EXERCISE DATA
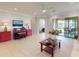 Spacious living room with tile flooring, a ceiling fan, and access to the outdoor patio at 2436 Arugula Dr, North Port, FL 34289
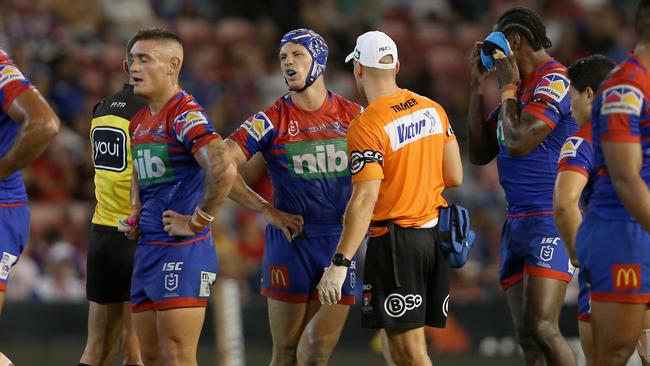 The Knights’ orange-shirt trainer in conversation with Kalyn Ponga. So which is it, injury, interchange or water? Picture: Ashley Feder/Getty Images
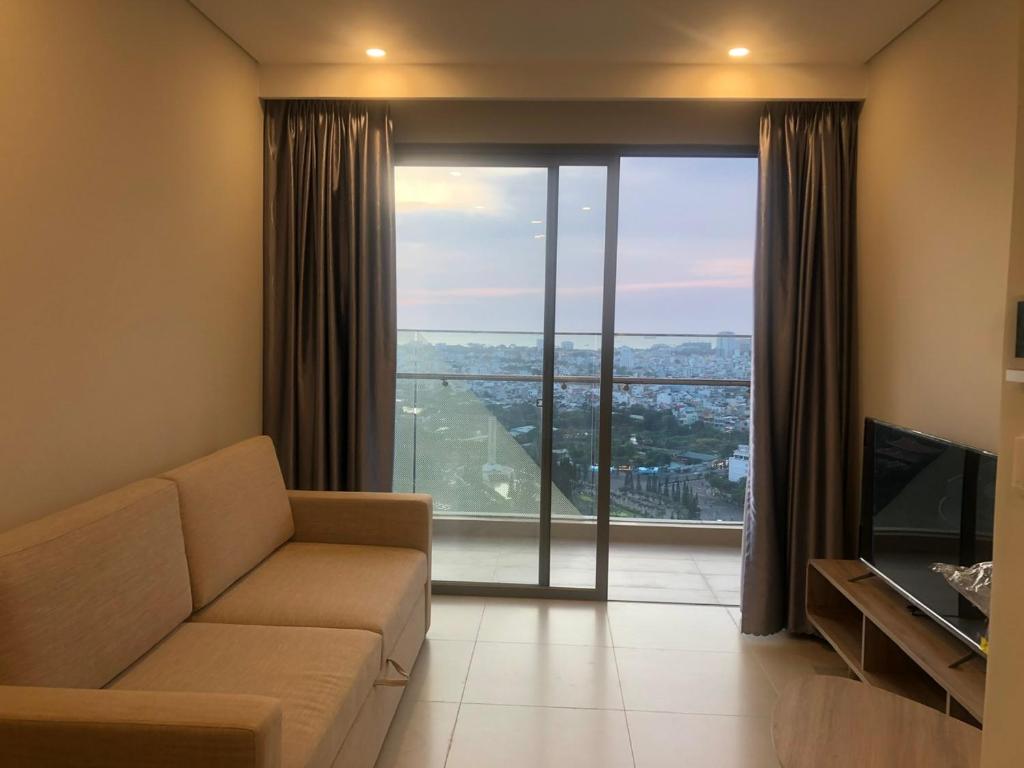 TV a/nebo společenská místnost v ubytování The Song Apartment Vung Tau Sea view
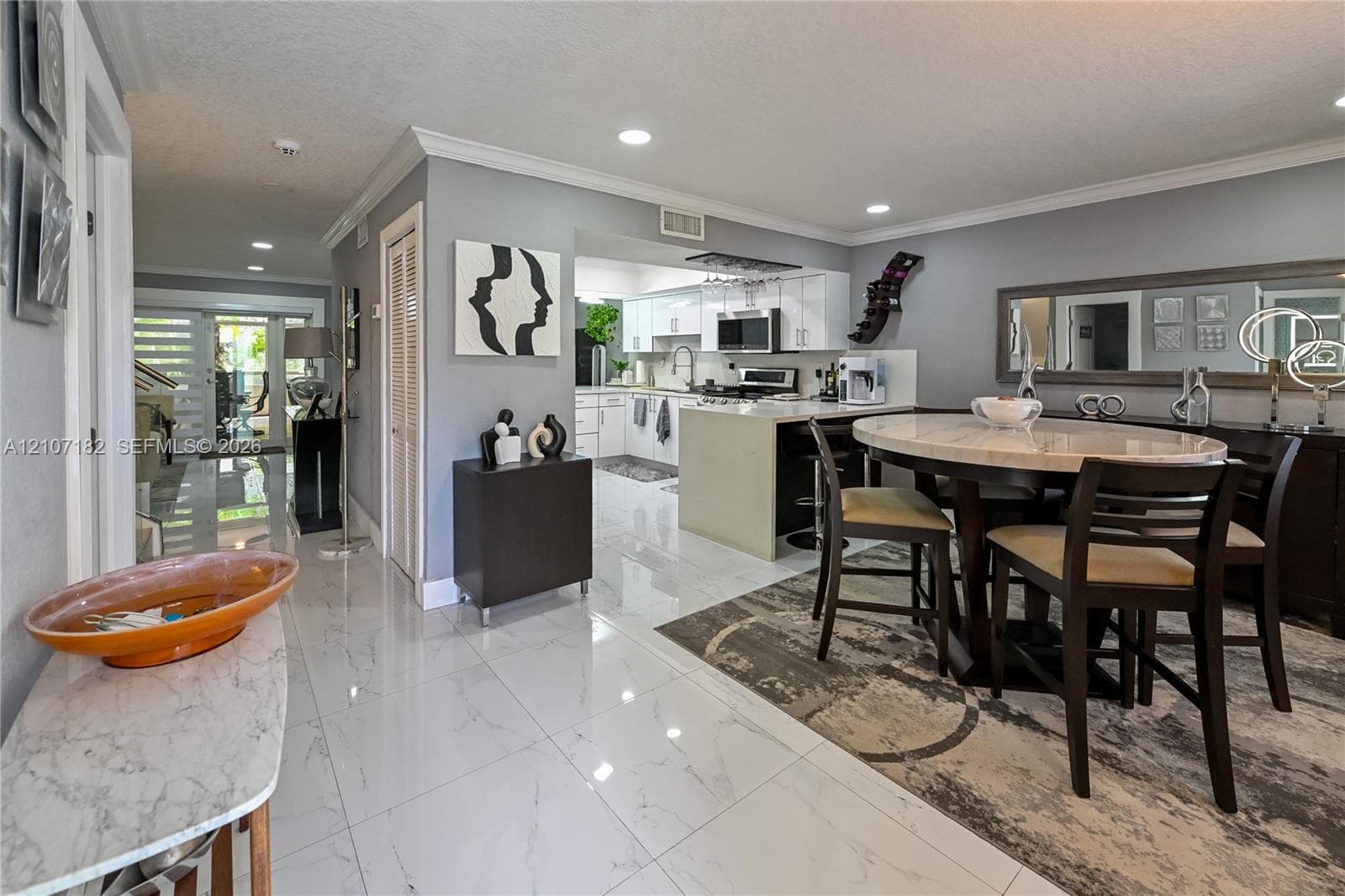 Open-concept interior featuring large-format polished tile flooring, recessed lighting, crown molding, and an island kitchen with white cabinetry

PROBLEM REQUIREMENTS
No pictures should appear in the copy. Reproduce exactly the lines from the line containing "TV a/nebo společenská" through the last line of the data, inclusive.

SOLUTION
 TV a/nebo společenská místnost v ubytování The Song Apartment Vung Tau Sea view
 Open-concept interior featuring large-format polished tile flooring, recessed lighting, crown molding, and an island kitchen with white cabinetry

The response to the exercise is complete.